Goal of the exercise
Restate each entry word for word. Keep every detail intact.

[[ Input records open ]]

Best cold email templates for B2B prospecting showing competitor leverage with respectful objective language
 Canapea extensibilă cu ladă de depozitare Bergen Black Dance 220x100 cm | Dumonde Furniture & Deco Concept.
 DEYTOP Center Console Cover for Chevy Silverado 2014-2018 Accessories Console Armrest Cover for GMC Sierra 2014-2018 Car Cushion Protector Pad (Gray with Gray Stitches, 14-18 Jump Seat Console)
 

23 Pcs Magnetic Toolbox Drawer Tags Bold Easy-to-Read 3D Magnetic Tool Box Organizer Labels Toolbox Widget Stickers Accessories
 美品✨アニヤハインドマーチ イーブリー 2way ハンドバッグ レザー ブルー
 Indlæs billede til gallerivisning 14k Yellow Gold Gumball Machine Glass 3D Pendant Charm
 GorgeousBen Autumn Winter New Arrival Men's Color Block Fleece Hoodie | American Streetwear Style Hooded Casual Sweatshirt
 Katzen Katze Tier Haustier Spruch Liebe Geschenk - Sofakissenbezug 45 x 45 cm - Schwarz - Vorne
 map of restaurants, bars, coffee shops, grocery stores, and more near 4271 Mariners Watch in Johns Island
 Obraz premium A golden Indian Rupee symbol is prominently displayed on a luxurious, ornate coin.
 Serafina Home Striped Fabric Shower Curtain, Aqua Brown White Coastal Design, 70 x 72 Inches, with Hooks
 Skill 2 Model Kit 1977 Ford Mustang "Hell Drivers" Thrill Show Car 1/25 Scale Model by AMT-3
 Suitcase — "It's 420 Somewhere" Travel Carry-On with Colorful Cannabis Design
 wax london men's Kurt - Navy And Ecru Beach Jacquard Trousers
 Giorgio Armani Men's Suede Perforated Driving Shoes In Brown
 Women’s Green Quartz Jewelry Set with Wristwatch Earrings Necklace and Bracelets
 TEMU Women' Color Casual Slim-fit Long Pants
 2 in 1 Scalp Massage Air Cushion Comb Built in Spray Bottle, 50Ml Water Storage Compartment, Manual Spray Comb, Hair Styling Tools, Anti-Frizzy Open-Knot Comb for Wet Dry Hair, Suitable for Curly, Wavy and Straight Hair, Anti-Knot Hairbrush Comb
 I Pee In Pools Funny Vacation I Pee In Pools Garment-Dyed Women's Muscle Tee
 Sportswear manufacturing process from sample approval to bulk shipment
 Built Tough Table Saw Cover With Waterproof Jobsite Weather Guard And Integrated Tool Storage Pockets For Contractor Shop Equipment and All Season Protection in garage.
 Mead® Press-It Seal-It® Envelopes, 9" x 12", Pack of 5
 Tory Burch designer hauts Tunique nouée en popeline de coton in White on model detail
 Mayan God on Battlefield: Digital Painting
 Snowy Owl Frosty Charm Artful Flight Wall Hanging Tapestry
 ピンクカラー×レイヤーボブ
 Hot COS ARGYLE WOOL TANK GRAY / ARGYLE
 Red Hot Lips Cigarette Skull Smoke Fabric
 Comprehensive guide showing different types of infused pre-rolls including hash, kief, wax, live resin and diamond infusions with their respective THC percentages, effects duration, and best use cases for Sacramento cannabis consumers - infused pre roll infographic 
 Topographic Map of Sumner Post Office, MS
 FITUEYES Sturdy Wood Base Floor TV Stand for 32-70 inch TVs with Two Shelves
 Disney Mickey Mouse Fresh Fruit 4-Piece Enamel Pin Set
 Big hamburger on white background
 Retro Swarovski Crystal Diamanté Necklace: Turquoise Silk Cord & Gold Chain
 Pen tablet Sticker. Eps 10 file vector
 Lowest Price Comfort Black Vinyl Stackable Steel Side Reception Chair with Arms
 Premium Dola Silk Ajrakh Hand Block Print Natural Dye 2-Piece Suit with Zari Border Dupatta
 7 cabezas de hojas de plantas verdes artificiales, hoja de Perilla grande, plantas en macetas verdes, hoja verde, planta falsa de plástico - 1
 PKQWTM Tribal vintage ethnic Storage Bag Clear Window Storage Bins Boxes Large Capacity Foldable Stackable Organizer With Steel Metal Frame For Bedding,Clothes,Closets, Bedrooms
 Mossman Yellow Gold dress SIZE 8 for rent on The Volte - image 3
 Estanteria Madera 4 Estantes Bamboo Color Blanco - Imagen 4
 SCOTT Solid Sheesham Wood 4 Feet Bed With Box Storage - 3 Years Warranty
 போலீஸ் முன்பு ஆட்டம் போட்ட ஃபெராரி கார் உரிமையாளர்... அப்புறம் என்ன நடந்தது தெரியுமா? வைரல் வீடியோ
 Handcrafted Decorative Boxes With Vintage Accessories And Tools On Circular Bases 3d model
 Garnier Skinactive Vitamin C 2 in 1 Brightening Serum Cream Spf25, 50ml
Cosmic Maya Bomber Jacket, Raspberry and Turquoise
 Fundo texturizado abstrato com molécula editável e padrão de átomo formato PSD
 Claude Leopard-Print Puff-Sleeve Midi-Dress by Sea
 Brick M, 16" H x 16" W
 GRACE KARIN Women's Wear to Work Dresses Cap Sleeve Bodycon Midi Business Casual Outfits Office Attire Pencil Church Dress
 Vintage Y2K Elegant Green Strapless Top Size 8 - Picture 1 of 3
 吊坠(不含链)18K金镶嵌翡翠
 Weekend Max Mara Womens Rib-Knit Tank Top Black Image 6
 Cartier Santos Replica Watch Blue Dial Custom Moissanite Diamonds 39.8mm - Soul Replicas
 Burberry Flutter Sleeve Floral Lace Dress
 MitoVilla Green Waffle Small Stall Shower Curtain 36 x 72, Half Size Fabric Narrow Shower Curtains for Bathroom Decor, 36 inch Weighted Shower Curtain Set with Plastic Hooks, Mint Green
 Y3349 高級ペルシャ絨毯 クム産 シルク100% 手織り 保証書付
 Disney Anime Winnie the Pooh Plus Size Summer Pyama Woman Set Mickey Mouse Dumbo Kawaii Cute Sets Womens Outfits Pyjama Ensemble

[[ Input records closed ]]

Result for this task
Best cold email templates for B2B prospecting showing competitor leverage with respectful objective language
 Canapea extensibilă cu ladă de depozitare Bergen Black Dance 220x100 cm | Dumonde Furniture & Deco Concept.
 DEYTOP Center Console Cover for Chevy Silverado 2014-2018 Accessories Console Armrest Cover for GMC Sierra 2014-2018 Car Cushion Protector Pad (Gray with Gray Stitches, 14-18 Jump Seat Console)
 

23 Pcs Magnetic Toolbox Drawer Tags Bold Easy-to-Read 3D Magnetic Tool Box Organizer Labels Toolbox Widget Stickers Accessories
 美品✨アニヤハインドマーチ イーブリー 2way ハンドバッグ レザー ブルー
 Indlæs billede til gallerivisning 14k Yellow Gold Gumball Machine Glass 3D Pendant Charm
 GorgeousBen Autumn Winter New Arrival Men's Color Block Fleece Hoodie | American Streetwear Style Hooded Casual Sweatshirt
 Katzen Katze Tier Haustier Spruch Liebe Geschenk - Sofakissenbezug 45 x 45 cm - Schwarz - Vorne
 map of restaurants, bars, coffee shops, grocery stores, and more near 4271 Mariners Watch in Johns Island
 Obraz premium A golden Indian Rupee symbol is prominently displayed on a luxurious, ornate coin.
 Serafina Home Striped Fabric Shower Curtain, Aqua Brown White Coastal Design, 70 x 72 Inches, with Hooks
 Skill 2 Model Kit 1977 Ford Mustang "Hell Drivers" Thrill Show Car 1/25 Scale Model by AMT-3
 Suitcase — "It's 420 Somewhere" Travel Carry-On with Colorful Cannabis Design
 wax london men's Kurt - Navy And Ecru Beach Jacquard Trousers
 Giorgio Armani Men's Suede Perforated Driving Shoes In Brown
 Women’s Green Quartz Jewelry Set with Wristwatch Earrings Necklace and Bracelets
 TEMU Women' Color Casual Slim-fit Long Pants
 2 in 1 Scalp Massage Air Cushion Comb Built in Spray Bottle, 50Ml Water Storage Compartment, Manual Spray Comb, Hair Styling Tools, Anti-Frizzy Open-Knot Comb for Wet Dry Hair, Suitable for Curly, Wavy and Straight Hair, Anti-Knot Hairbrush Comb
 I Pee In Pools Funny Vacation I Pee In Pools Garment-Dyed Women's Muscle Tee
 Sportswear manufacturing process from sample approval to bulk shipment
 Built Tough Table Saw Cover With Waterproof Jobsite Weather Guard And Integrated Tool Storage Pockets For Contractor Shop Equipment and All Season Protection in garage.
 Mead® Press-It Seal-It® Envelopes, 9" x 12", Pack of 5
 Tory Burch designer hauts Tunique nouée en popeline de coton in White on model detail
 Mayan God on Battlefield: Digital Painting
 Snowy Owl Frosty Charm Artful Flight Wall Hanging Tapestry
 ピンクカラー×レイヤーボブ
 Hot COS ARGYLE WOOL TANK GRAY / ARGYLE
 Red Hot Lips Cigarette Skull Smoke Fabric
 Comprehensive guide showing different types of infused pre-rolls including hash, kief, wax, live resin and diamond infusions with their respective THC percentages, effects duration, and best use cases for Sacramento cannabis consumers - infused pre roll infographic 
 Topographic Map of Sumner Post Office, MS
 FITUEYES Sturdy Wood Base Floor TV Stand for 32-70 inch TVs with Two Shelves
 Disney Mickey Mouse Fresh Fruit 4-Piece Enamel Pin Set
 Big hamburger on white background
 Retro Swarovski Crystal Diamanté Necklace: Turquoise Silk Cord & Gold Chain
 Pen tablet Sticker. Eps 10 file vector
 Lowest Price Comfort Black Vinyl Stackable Steel Side Reception Chair with Arms
 Premium Dola Silk Ajrakh Hand Block Print Natural Dye 2-Piece Suit with Zari Border Dupatta
 7 cabezas de hojas de plantas verdes artificiales, hoja de Perilla grande, plantas en macetas verdes, hoja verde, planta falsa de plástico - 1
 PKQWTM Tribal vintage ethnic Storage Bag Clear Window Storage Bins Boxes Large Capacity Foldable Stackable Organizer With Steel Metal Frame For Bedding,Clothes,Closets, Bedrooms
 Mossman Yellow Gold dress SIZE 8 for rent on The Volte - image 3
 Estanteria Madera 4 Estantes Bamboo Color Blanco - Imagen 4
 SCOTT Solid Sheesham Wood 4 Feet Bed With Box Storage - 3 Years Warranty
 போலீஸ் முன்பு ஆட்டம் போட்ட ஃபெராரி கார் உரிமையாளர்... அப்புறம் என்ன நடந்தது தெரியுமா? வைரல் வீடியோ
 Handcrafted Decorative Boxes With Vintage Accessories And Tools On Circular Bases 3d model
 Garnier Skinactive Vitamin C 2 in 1 Brightening Serum Cream Spf25, 50ml
Cosmic Maya Bomber Jacket, Raspberry and Turquoise
 Fundo texturizado abstrato com molécula editável e padrão de átomo formato PSD
 Claude Leopard-Print Puff-Sleeve Midi-Dress by Sea
 Brick M, 16" H x 16" W
 GRACE KARIN Women's Wear to Work Dresses Cap Sleeve Bodycon Midi Business Casual Outfits Office Attire Pencil Church Dress
 Vintage Y2K Elegant Green Strapless Top Size 8 - Picture 1 of 3
 吊坠(不含链)18K金镶嵌翡翠
 Weekend Max Mara Womens Rib-Knit Tank Top Black Image 6
 Cartier Santos Replica Watch Blue Dial Custom Moissanite Diamonds 39.8mm - Soul Replicas
 Burberry Flutter Sleeve Floral Lace Dress
 MitoVilla Green Waffle Small Stall Shower Curtain 36 x 72, Half Size Fabric Narrow Shower Curtains for Bathroom Decor, 36 inch Weighted Shower Curtain Set with Plastic Hooks, Mint Green
 Y3349 高級ペルシャ絨毯 クム産 シルク100% 手織り 保証書付
 Disney Anime Winnie the Pooh Plus Size Summer Pyama Woman Set Mickey Mouse Dumbo Kawaii Cute Sets Womens Outfits Pyjama Ensemble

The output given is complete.